Mais ces précautions ne suffisent pas. Au moment de la dislocation du cortège place de l'Opéra, les premiers incidents éclatent. Les autonomes s'en prennent systématiquement aux magasins. 121 vitrines volent en éclats. Le Café de la Paix est mis à sac en quelques minutes, par un commando. Des barricades sont ébauchées avec des voitures, des tables et des chaises prises aux terrasses des cafés.

D'importantes forces de police sont sur place : environ un millier de gardes mobiles et de CRS. Pourtant, selon les témoins, en particulier les observateurs dépêchés sur place par le Syndicat général de la police, elles tardent à intervenir. Lorsqu'elles se lancent à l'assaut des casseurs, ceux-ci sont maîtres du terrain. Toute la soirée, les échauffourées se poursuivront dans le quartier Opéra. 116 policiers sont blessés, 169 personnes interpellées. Dès le lundi 26 mars, 32 sont déférées devant le tribunal des flagrants délits.

Mais, dès le lendemain, une vive polémique oppose le ministre de l'Intérieur à la CGT. Les militants de la confédération ouvrière ont en effet arrêté un homme en civil dont le comportement leur paraissait suspect. Il s'agit d'un policier, en civil pour la circonstance, l'inspecteur Le Xuan, que ses chefs avaient chargé, comme 200 de ses collègues, de repérer discrètement les manifestants les plus virulents. La CGT parle de provocations policières, le ministère de l'Intérieur justifie la présence de policiers en civil par la nécessité de prendre sur le fait les casseurs. Christian Bonnet portera plainte contre X pour diffamation.

Lourdes peines

Au procès qui s'ouvre dans cette atmosphère passionnée, il n'y a pas de vrais casseurs. Très vite, le procureur de la République lui-même se rend compte que la police n'a arrêté que du menu fretin. Certaines accusations portées par les policiers sont tout à fait incohérentes, des rapports comportent des invraisemblances, voire ont été surchargés après coup. Un des avocats résume le sentiment général en craignant « que pour trouver des coupables, la justice ne prenne des otages ». Malgré des réquisitions modérées, des peines assez lourdes sont prononcées. Plusieurs étudiants ou lycéens sur lesquels pesaient des charges très faibles sont condamnés à 1 an ou 18 mois de prison. Insatisfait, le parquet fait appel a minima. Toutes les condamnations seront aggravées en seconde instance.

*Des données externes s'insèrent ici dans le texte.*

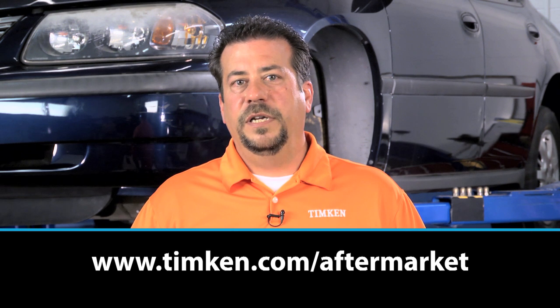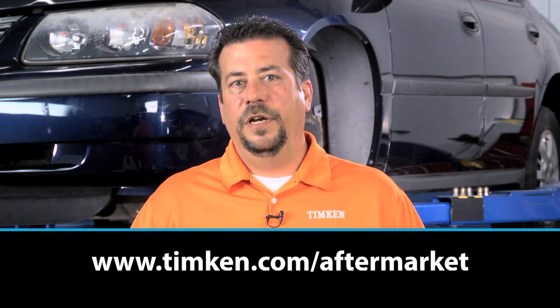I'm Rick Dahman. This has been a Timken Tricks of the Trade video helping you build your service knowledge. Visit us at timken.com/aftermarket for more information. Thanks for watching.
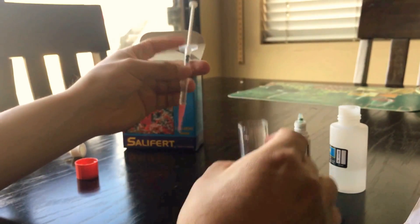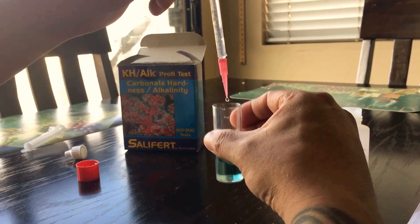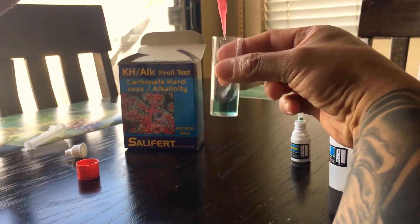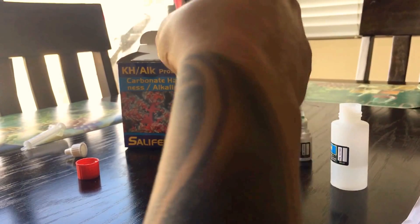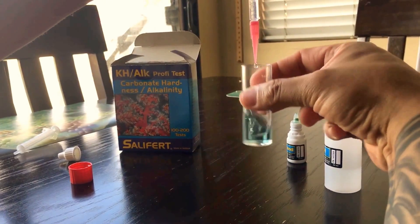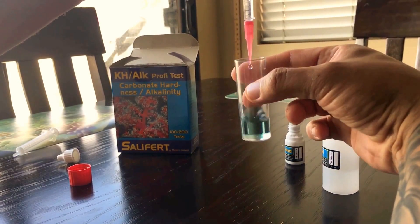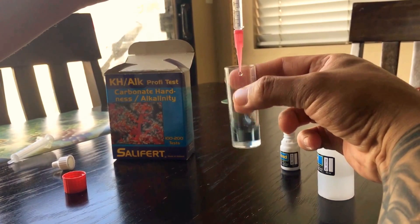Now put this syringe in and start adding the solution. You can do it faster or you can do it slowly, drop by drop. By the time you do it, give it a little shake.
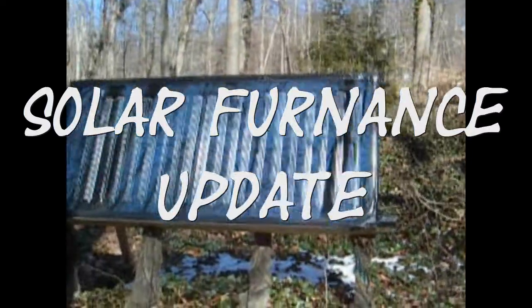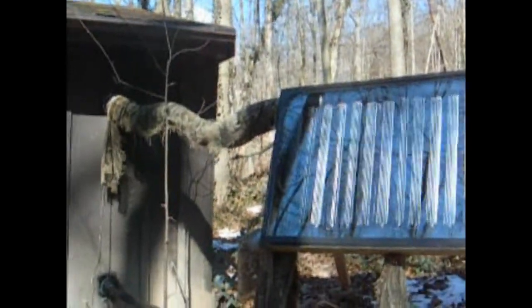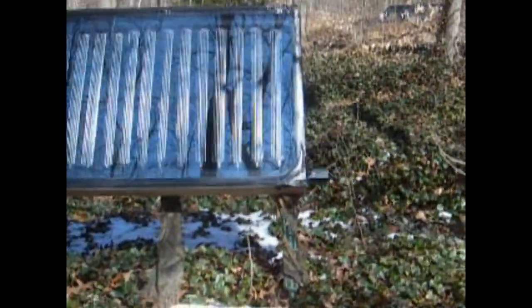Hey, this is Rich. I want to do an update on that big downspout heater I made. I've had it installed and hooked to the house, so I had to set it out from the house right there. But we've had such a bad winter — we've had no sun. Today's the first sunny day we've had in over a month, so it should start working.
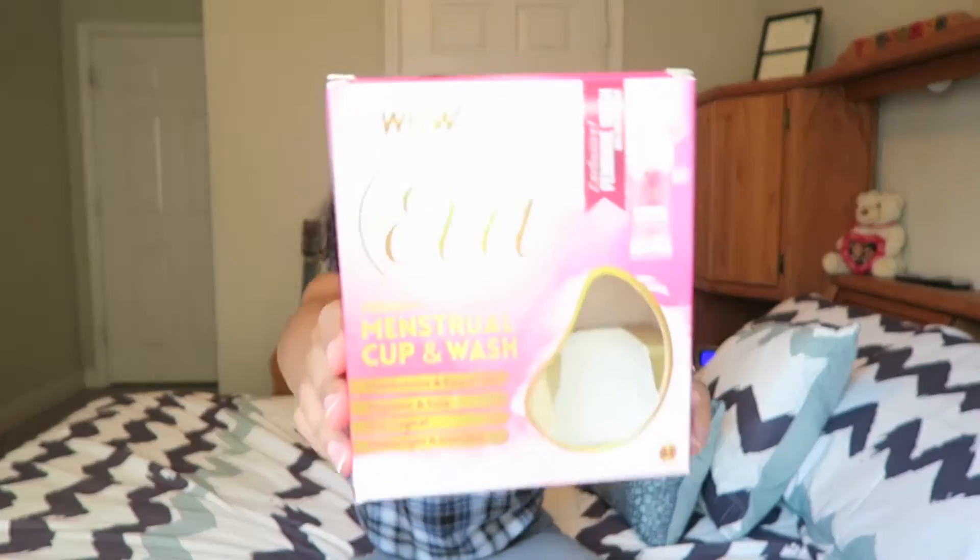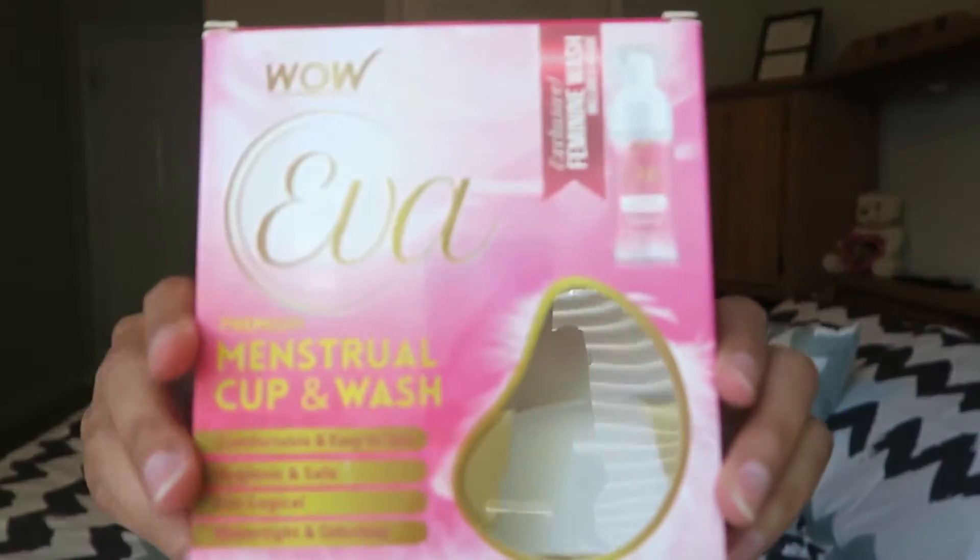I've seen a bunch of different girls talk about it. Mostly they use the Diva Cup, there may be another one, but I got this one on Amazon. This is called the Eva Cup. It's basically a menstrual cup like the Diva Cup.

Épilogue provisoire de cet après-midi d'émeutes : au conseil des ministres du 29 mars, Valéry Giscard d'Estaing souhaite que les préfets prennent des mesures réglementant les manifestations dans le centre des villes. Devant les protestations des partis d'opposition et des syndicats, l'Élysée affirme, quelques jours plus tard, qu'il n'a jamais été question de limiter le droit de manifester.

Pendant un an, le tueur de l'Oise a défié ses collègues de la gendarmerie

Après le tueur de l'ombre arrêté en décembre 1976 après 7 ans de sinistres activités (Journal de l'année 1975-76), le tueur de l'Oise a vu lui aussi se terminer une carrière qui se situait des deux côtés de la barrière de la loi. En avril 1979, le gendarme Alain Lamare, 23 ans, a enfin été démasqué par ses collègues. Il s'était moqué d'eux pendant près d'un an.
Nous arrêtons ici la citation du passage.